Things get wild in Moscow as his bodyguard attempts to kill him and he winds up meeting his old recruiter, Cmdr. Harper. He meets with Viktor Cherevin (Kenneth Branagh, who also directed the film) and quickly is over his head in terms of espionage. To complicate matters, Muller decided to drop in on him and winds up in the middle of things, eventually kidnapped. Ryan manages some extraordinary espionage, followed by an amazing car chase through Moscow and topped off by riding a motorcycle after a terrorist through lower Manhattan. But, as expected, he saves the country.

The plot is essentially ludicrous. The notion that a single terrorist attack combined with a selloff of even billions in U.S. currency would permanently take down the country is not realistic (currency trading tops $4 trillion a day). Second, Ryan has gotten almost no training but manages to take on a huge bodyguard, slide into a heavily guarded and secured business area, survive a gun battle with trained thugs, drive in stunt-driver fashion through Moscow, figure out where the key terrorist has been living as well as the villain’s relationship with other agents and his boss, figure out where the key bomb is hidden and ride through incredible Manhattan obstacles to be able to stop the terrorists. Imagine what he could have done if they actually spent a few months training him.

But the action moves swiftly, and Pine plays an excellent hero. He is fit, handsome and charming. Costner was great as the handler. He got a chance to toss out lines almost as good as he did back in Bull Durham. At one point, while Ryan and Muller are bickering, he simply interrupts, saying, “This is geopolitics, not couples counseling.”

Branagh makes his character far more complex than the usual villain. Knightly, however, is miscast. Part of it is because the script makes her seem like a bit of an idiot, and she has no chemistry at all with Pine. Her real chemistry seems to be over dinner with Cherevin, where she is supposed to charm him. She seems far more attracted to him than to her fiancé, despite the fact that soon after, Cherevin will kidnap and threaten to torture her to death.

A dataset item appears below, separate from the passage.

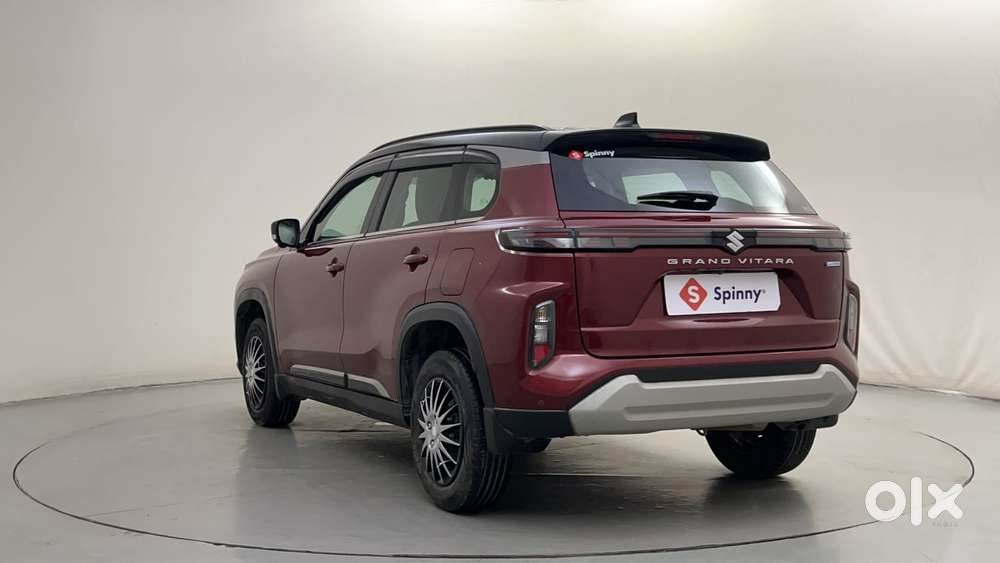 Maruti Suzuki Grand Vitara 1.5 Alpha Smart Hybrid Dual Tone, 2022, P..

Though the film moves quickly, it is a bit choppy, moving from Britain on 9/11, to Afghanistan, then to physical therapy, and then jumping 10 years. Then we see a few New York scenes, followed by a series of set pieces in Moscow that take up about half the movie and then, finally, back to America.

But sitting back and watching the film, I had no time to worry about details. This is a January treat. Many movies coming out this month are ones that are not considered good enough for the end of the previous year’s top films. But this one is fun, and certainly worth the price of admission.